Maintenant quels sont les devoirs du citoyen envers l'Etat? Ils sont au nombre de quatre:
I. Obéissance à la loi. Elle est toute naturelle dans une société démocratique puisque la loi a été faite par les citoyens qui doivent l'observer. Mais ici se présente une difficulté; la loi n'a jamais été votée à l'unanimité: la minorité a-t-elle le droit d'y désobéir? Si elle en avait le droit, la société serait à tout instant menacée de dissolution: une sécession pourrait se produire à chaque instant. Mais ceci n'est qu'une considération utilitaire: au point de vue moral, la minorité a-t-elle le droit de ne pas obéir à la loi qu'elle réprouve? Dans tout pays autre qu'une démocratie, évidemment oui, la minorité a le droit de combattre la loi. Mais dans un pays libre ayant à sa disposition tous les moyens d'exprimer ses idées et de devenir demain la majorité, la minorité ne doit pas recourir à la force brutale et à la désobéissance pour faire triompher ses idées.

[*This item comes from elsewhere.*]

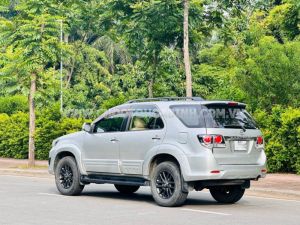 Xe Toyota Fortuner 2.7V 4x2 AT 2015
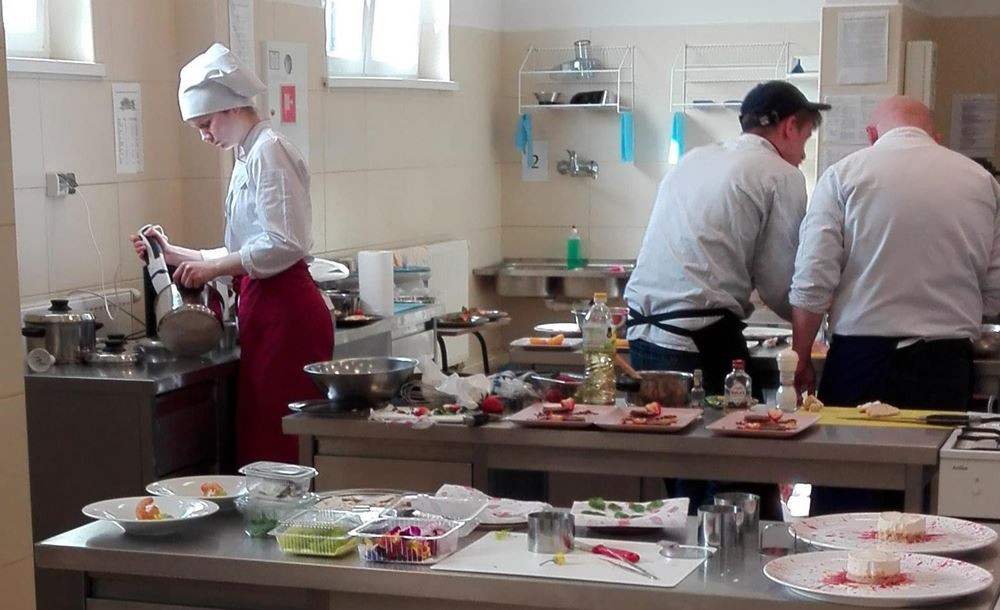 Sukces uczennic ZSP Sierakowice w Wojewódzkim Konkursie Gastronomicznym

II. Impôts. L'organisation des services publics ne peut se faire qu'avec de l'argent. A qui le demander sinon à ceux qui en profitent, aux citoyens? Ils doivent donc s'imposer, mais ils ne doivent que l'impôt consenti par eux.
III. Service militaire. De tous les impôts le plus noble et le plus obligatoire est celui du sang. Un jour viendra-t-il où les nationalités se fondront dans une République Universelle? C'est possible. Mais pour le moment les hommes sont divisés en sociétés rivales, qui ont souvent à lutter. D'ailleurs il y a guerre toutes les fois qu'un ou plusieurs individus menacent l'existence de la société. Tout crime est une guerre, il faut donc avoir de tout temps une force armée pour réprimer ces petites guerres. L'impôt du sang ne nous semble donc pas être purement temporaire et accidentel. Il est dû par tous sans exception. Toutefois, si la société se trouve suffisamment gardée, si elle juge qu'elle dispose d'assez de soldats, elle peut dispenser du service militaire certaines classes de gens qui paraissent devoir la servir mieux autrement, par exemple les fils de veuves, les aînés d'orphelins. En outre, elle pourra accorder de ces exemptions à ceux qui consacrent leur vie à maintenir dans le pays la haute culture de l'esprit. Il faudra toujours qu'une société cherche à exempter de ce lourd impôt les hommes qui grâce à certaines capacités dûment constatées peuvent servir aux progrès des sciences, des lettres ou des arts.
IV. Vote. Le vote est non seulement un droit pour tout citoyen, mais un devoir. On doit remplir toutes les fonctions qui incombent aux membres de la société; on doit s'occuper des intérêts communs: or c'est par le vote que s'expriment ces intérêts. Le plus souvent on s'abstient de voter pour échapper à des rancunes particulières, ou parce qu'on trouve cela plus commode: l'intérêt général ne doit pas être sacrifié à l'intérêt particulier.